Gotta get those excess micro plastics somehow
[people drinking out of lead pipes] 🗿
I live in San Francisco, give me hetch hetchy
(that’s where our tap comes from)
I used to live in Los Angeles and lived in Charlie Chaplin’s house that was on the old lot(the current Broadway shoes).
The water coming into the house was probably clean, but the home’s pipes were all lead. I did one of those lead tests and it failed.
So your sulfur taste could be from the home and not from the municipal water.
Just generally, you can get a report of your municipal water testing. The biggest safety variable that I would be worried about testing at home for is lead in the pipes between me and the treatment plant. That includes my house/building and the municipal pipes.
Now taste, that’s a to each their own situation. Sulfury water is my limit for sure. No thanks!
If you’re living in the US, I feel like it’s almost cheating to complain. A certain political party had worked for decades to lower safety, standards and oversight to the point that I would really feel nervous living in the States.
I trust the city government with my water much much more than companies trying to save every penny bottling water.
And I’m more likely able to get the people responsible for poor quality water or death in result of this in jail over the likelihood of sending billionaire CEOs with their golden parachutes to a minimum security vacation “prison”.
cough cough Flint cough
whoopsie daisy, we shipped 500 million bottles of tainted water, “we’re sorry”. Meanwhile if a city did that it’d be national news for years.
While I’m a huge fan of municipal water (I live in the city that invented it), lots of cities have horribly mismanaged their water supply, often from privatization, but not exclusively.
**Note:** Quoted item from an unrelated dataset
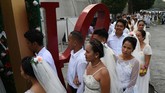 Di sudut lain Manila, sejumlah pasangan suami istri merayakan Hari Valentine dengan mengikuti agenda pernikahan masal pada Kamis (14/2). Sebanyak 200 pasangan tercatat mengambil bagian dalam gelaran tersebut. (Photo by TED ALJIBE/AFP)
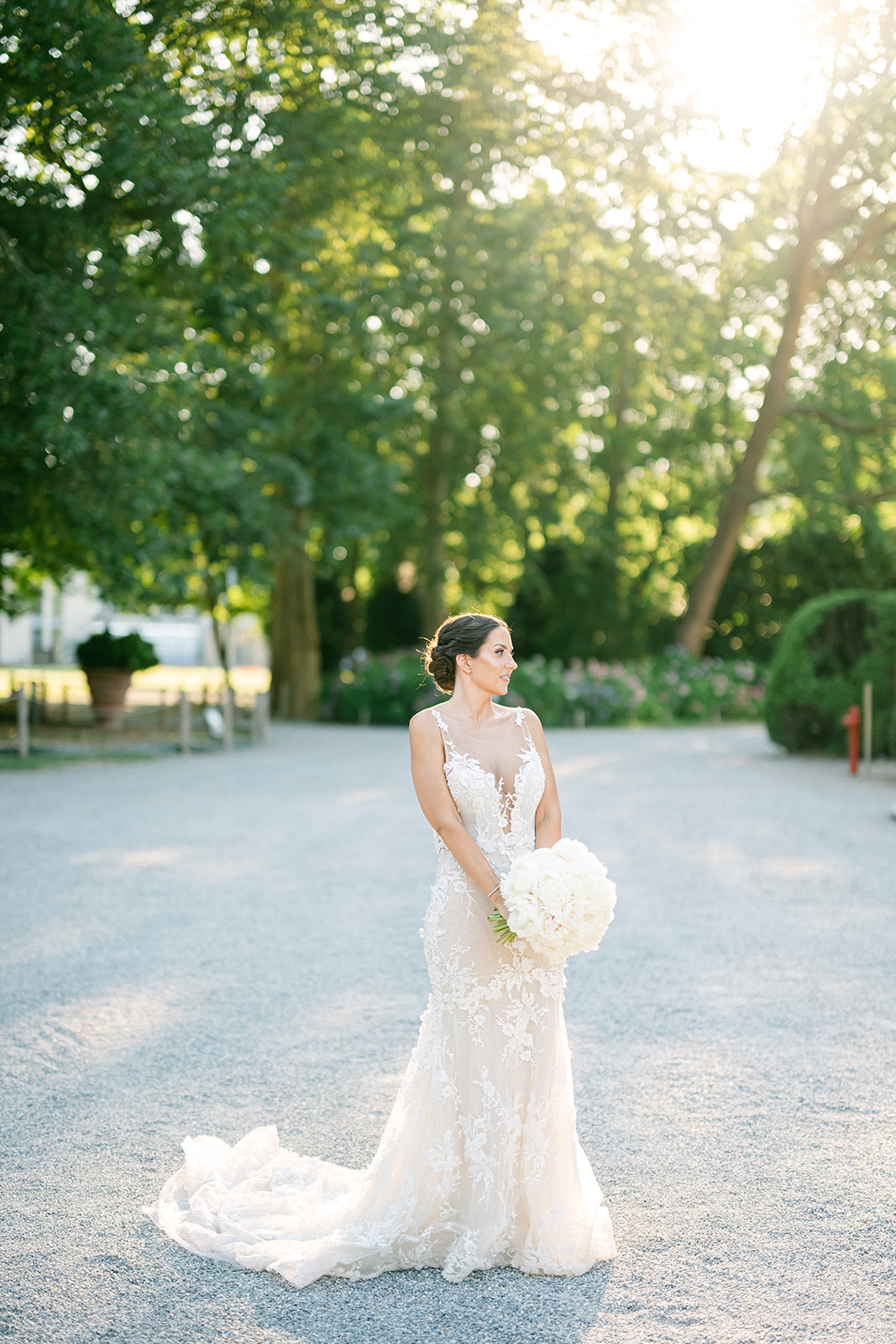 Fran holding her bridal bouquet in the gardens of Villa Erba in the evening light.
See Jackson Mississippi.
https://www.npr.org/2022/08/31/1120166328/jackson-mississippi-water-crisis
Oh not saying it doesn’t happen at all, but it’s blown out of proportion for the most of the US. Main point is exactly that, when a city fucks up it becomes national news, if Pepsi fucked up it’s bottling (which comes from city sources anyway), they say “Oh no, we’re sorry”
I was in the industry for a decent amount of years. I know the operators of the water plants around me. I never hesitate to drink the tap water in my area. At home it goes through the filter in my fridge, which manages the runoff taste in the spring, and keeps the water cold.